Decorative Hexavalent Electrolytes
Four types of hexavalent chromium electrolytes are commonly employed:
- sulfate-only catalysts,
- sulfate-fluoride catalysts,
- sulfate-fluoride-organic catalysts
- and self-regulating high speed (SRHS).
The primary differences among the systems are outlined in Table I.
|Catalyst Type||Sulfate only||Mixed sulfate/fluoride||Mixed sulfate/fluoride||Mixed sulfate/organic regulator|
|Main Features||Simple preparation Tolerant to contamination||Good chromability.
Good covering power
|Wide operating parameters.
Excellent covering power.
|Tolerant to changes in sulfate.
Simple to use.
The most common electrolytes employed today are based on the dual sulfate/fluoride catalyst. This mixed catalyst has the advantages of improving cathode efficiency, covering power and ability to plate on bright nickel layers when compared to the straight sulfate catalyst type.
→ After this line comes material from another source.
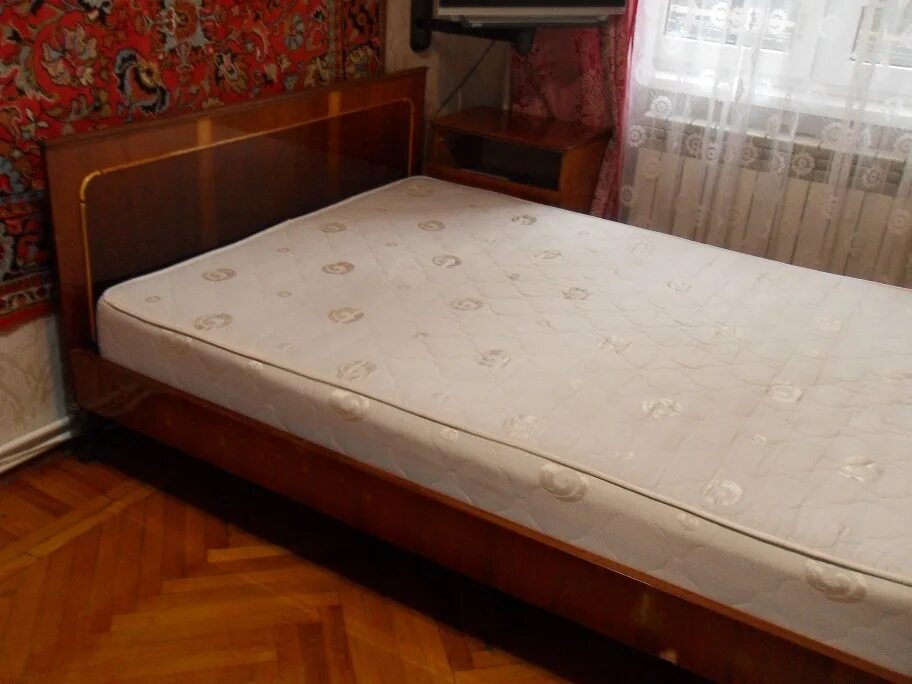 кровать двуспальная б/у. кровати в стометровке кострома. кровать двуспальная ссср. бу двуспальный. кровать двуспальная с матрасом.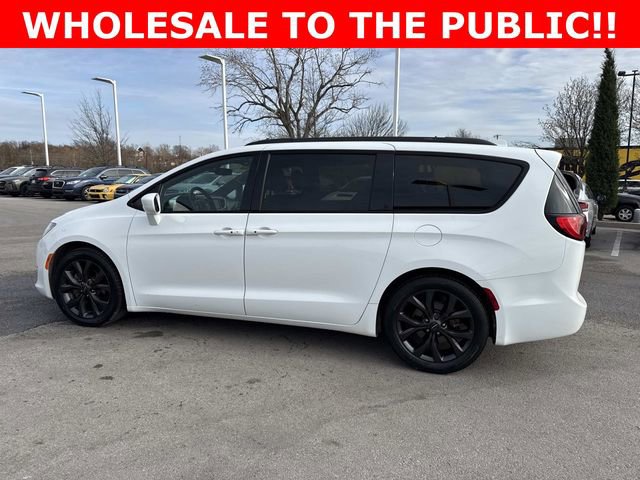 Used 2018 Chrysler Pacifica Touring Plus w/ S Appearance Package image 7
Over the last decade, the popularity of the triple catalyst system has grown. This system has characteristics similar to the dual catalyst with advantages of higher cathode efficiencies, wider operating window and improved covering power. To operate these systems, regular analysis of the chromic acid, sulfuric acid and proprietary catalysts concentrations are required.
In markets where access to regular analytical control is limited, the use of SRHS chemistries continues. These systems regulate the active sulfate and catalyst levels ratio to chromic acid by use of proprietary solubilizing agents.
Hexavalent chromium plating solutions have poor deposit distribution. Therefore, when plating to specification, it is necessary to calculate the plating time based on minimum thicknesses required on significant surfaces. A major factor in plating time is the cathode efficiency of chromium plating solutions, which is influenced by the following factors:
Type of electrolyte. This is outlined in Table I. Solutions with higher cathode efficiencies have improved throwing and covering power than the simpler electrolytes. The ability to cover components more evenly is one factor that has led to the popularity of triple catalyst systems.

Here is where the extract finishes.